An Eagle Scout, he has been active in the Boy Scouts of America for many years as Scoutmaster of BSA troops abroad in Kathmandu, Nepal and Dhaka, Bangladesh. Mr. Coutts has also coached ice hockey and rollerblade hockey in Westchester County, NY, North Korea and Nepal. He is a musician, regularly playing Irish traditional music in sessions.

Before joining the United Nations, Mr. Coutts worked as a founding member on the professional staff of the Select Committee on Hunger in the US House of Representatives and as an economist with the US Department of Agriculture. He managed international education programmes at both Carnegie Mellon University and Georgetown University. He holds Masters degrees from the School of Advanced International Studies (SAIS) at Johns Hopkins University and Université Laval in Québec, Canada and a Bachelor’s Degree with honour from Michigan State University (Justin Morrill College). Mr. Coutts is the founding President of the “Friends of WFP” now known as “WFP USA”, a USA-based NGO in Washington, D.C.

Doug Coutts

Diplomat in Residence (Rtd)

James Groccia, Professor Emeritus, Educational Foundations, Leadership & Technology

Dr. James E. Groccia serves as an International Teaching and Learning Consultant at Auburn University's Office of International Programs. Concurrently, Groccia holds the position of Professor Emeritus of Higher Education at Auburn University and Visiting Professor in the Institute of Educational Sciences at the University of Tartu in Estonia.

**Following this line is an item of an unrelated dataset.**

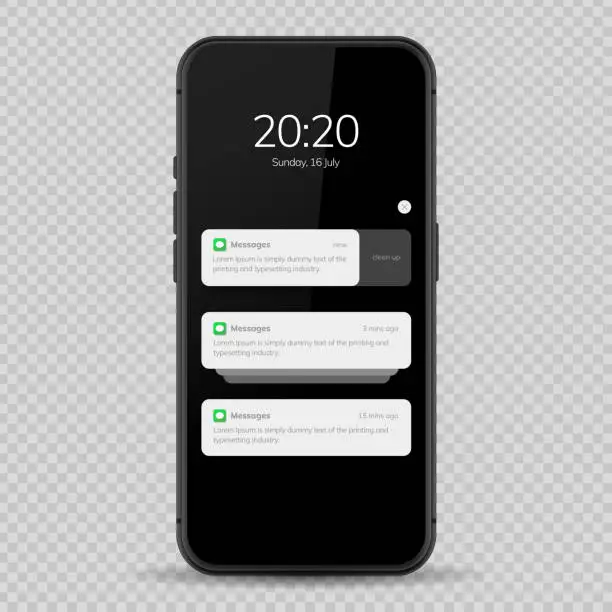 Vector illustration of Notification screen UI design. Phone notification windows template on a dark background. Smartphone messaging interface. Vector illustration. Smartphone. Vector illustration.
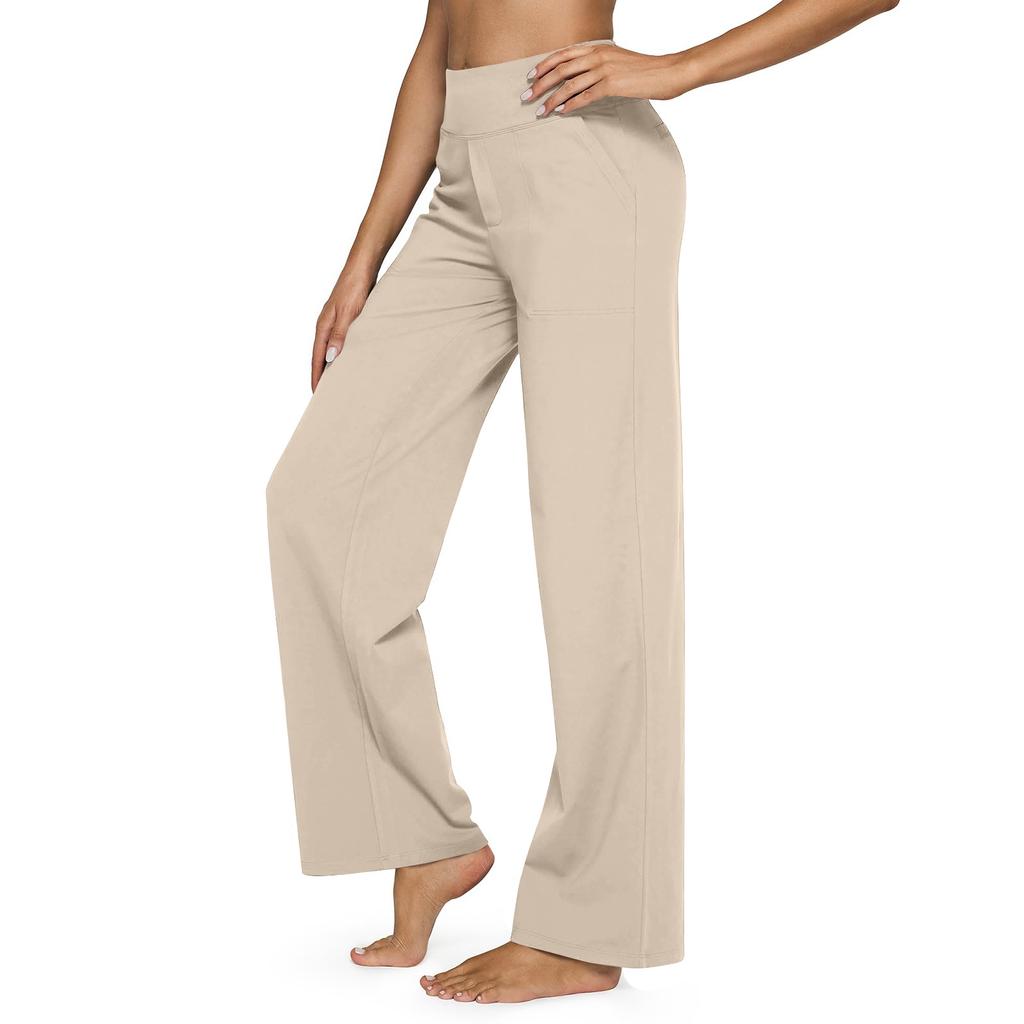 Новые женские эластичные повседневные брюки с высокой талией для йоги, женские широкие брюки с широкими штанинами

Former President of the Professional and Organizational Development (POD) Network, Groccia has authored, co-authored and co-edited numerous book chapters, journal articles and 11 books focused on teaching, learning and higher education. Together with his OIP colleagues, he has co-edited to two special topic issues of the New Directions for Teaching and Learning journal – "International Perspectives on University Teaching and Learning" (Wiley, 2022) and the forthcoming "International Perspectives on University Teaching and Learning: Continuing Conversations."

As a Fulbright Scholar at the University of Tartu (2011-12) and a Distinguished Visiting Professor at the American University in Cairo in 2014, Groccia further solidified his international presence. He has presented at conferences, consulted and conducted workshops across the United States, as well as in Ecuador, Egypt, England, Estonia, Ghana, Hungary, Ireland, Germany, Scotland, Japan, Lebanon, Lithuania, Saudi Arabia and Yakutia, Siberia.